Во-первых, я никогда не описываю человека один в один. Во-вторых, я избегаю писать книгу, основываясь на истории одного человека. Ни одна жизнь не достойна того, чтобы стать основой для романа. Литературный персонаж — это всегда комбинация многих людей. Я часто слышу: «О, пожалуйста, мистер Памук, опишите мою жизнь! Я вам всё расскажу — это очень интересно!» Но интересно бывает только пока вы слушаете этого человека или сотню других людей. Для романа нужно много историй. Жизнь одного человека — это ещё не хороший роман.
Мне нравится тема вины. Потому что я все время чувствую себя виноватым. Это первая причина. Во-вторых, вина — суть этики и большинства религий. Вина позволяет понять того, кто оказался в трудной ситуации. Мы идентифицируем себя с людьми, которые не похожи на нас. Общаемся с теми, кто не похож на нас. Обращаем внимание на тех, кто страдает. Вина побуждает нас делать это. Нет, мы не получаем удовольствия от того, что испытываем вину по отношению к другим. Но это искусство романа, дух романа — сердцем прочувствовать вину. Люди пишут романы потому, что у них есть особенные мускулы — талант.
Свобода писателя должна быть только абсолютной! Я не политик, не государственный человек. Если бы я был государственным человеком, то отвечал бы за свое государство, за свой народ, за то, за это. Но я — писатель и отвечаю только за свои слова. Да, есть этические, этнические, религиозные запреты, которые постоянно мешают мне высказываться свободно. Но если я, писатель, каждый раз буду думать о том, что я несу ответственность перед своим народом, перед своим государством, перед своим прошлым, то — всё! Свободе писательского самовыражения наступит конец.

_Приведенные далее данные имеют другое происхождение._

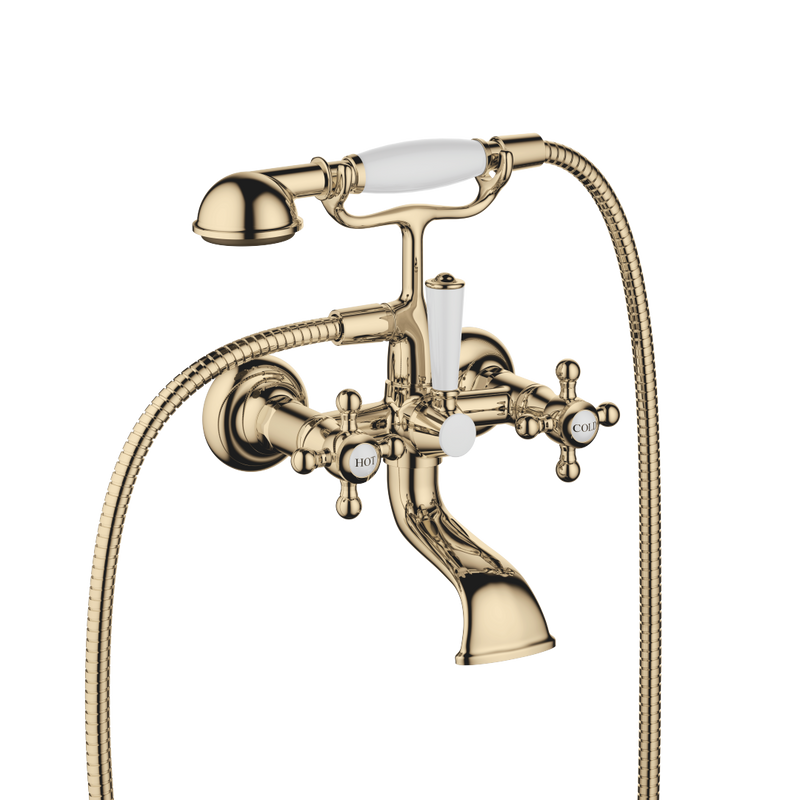 Dornbracht - Wannenarmatur mit Garnitur MADISON 25023360-09 messing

Писателю нужна наивность, ему нужен взгляд ребенка, иначе он не разглядит в до боли знакомом мире ничего из того, о чем стоило бы сказать, что стоило бы сделать незнакомым и удивительным. Сентиментальность же работает в области передачи: позволяя писателю оставаться восприимчивым, она дает возможность его детскому взгляду находить какие-то общезначимые, космополитичные способы передать эти чувства. <...> Детский взгляд нужен затем, чтобы выполнять главную задачу литературы — делать незнакомое знакомым и знакомое незнакомым.
Современность говорит нам: будь мобильным, не вникай в вещи, не засиживайся на одном месте. Это несбыточный идеал, а точнее, чья-то выдумка, которую пытаются выдать за модель жизни. Посмотрите вокруг: большинство людей не скачут с места на место, а живут на одном месте, врастая в него, становясь частью пейзажа. Вот и я стараюсь быть на своём месте и рассказывать истории, как бы «стоя на нём».
В светлые моменты я, конечно же, за Толстого. Когда я доволен собой, когда я счастлив и уравновешен, когда я вижу, что мир вокруг прекрасен и осмыслен — так, как это происходит у Толстого, — я чувствую себя по-толстовски и пытаюсь запечатлеть в своих романах гармонию и целостность мироздания. Но бывают моменты, когда мне не нравится все происходящее — и вот тогда в моей душе просыпается мятежный дух Достоевского, который нашептывает мне: «Толстой лжёт, всё, что он говорит, — утешительные и наивные выдумки». В такие моменты я вижу, что мир слишком драматичен, слишком зациклен на себе, и это вызывает мой гнев, который находит выход через неистовство Достоевского, через его ярость и боль. Я бесконечно восхищаюсь Достоевским как личностью и визионером, поэтому в моменты раздражения, тревоги и депрессии я, конечно, автоматически оказываюсь на его стороне.
Моя стихия — вода. Перед тем как написать одну строчку или абзац, я должен услышать в себе или поблизости её тихое журчание, нежный плеск волн, какой-то прилив.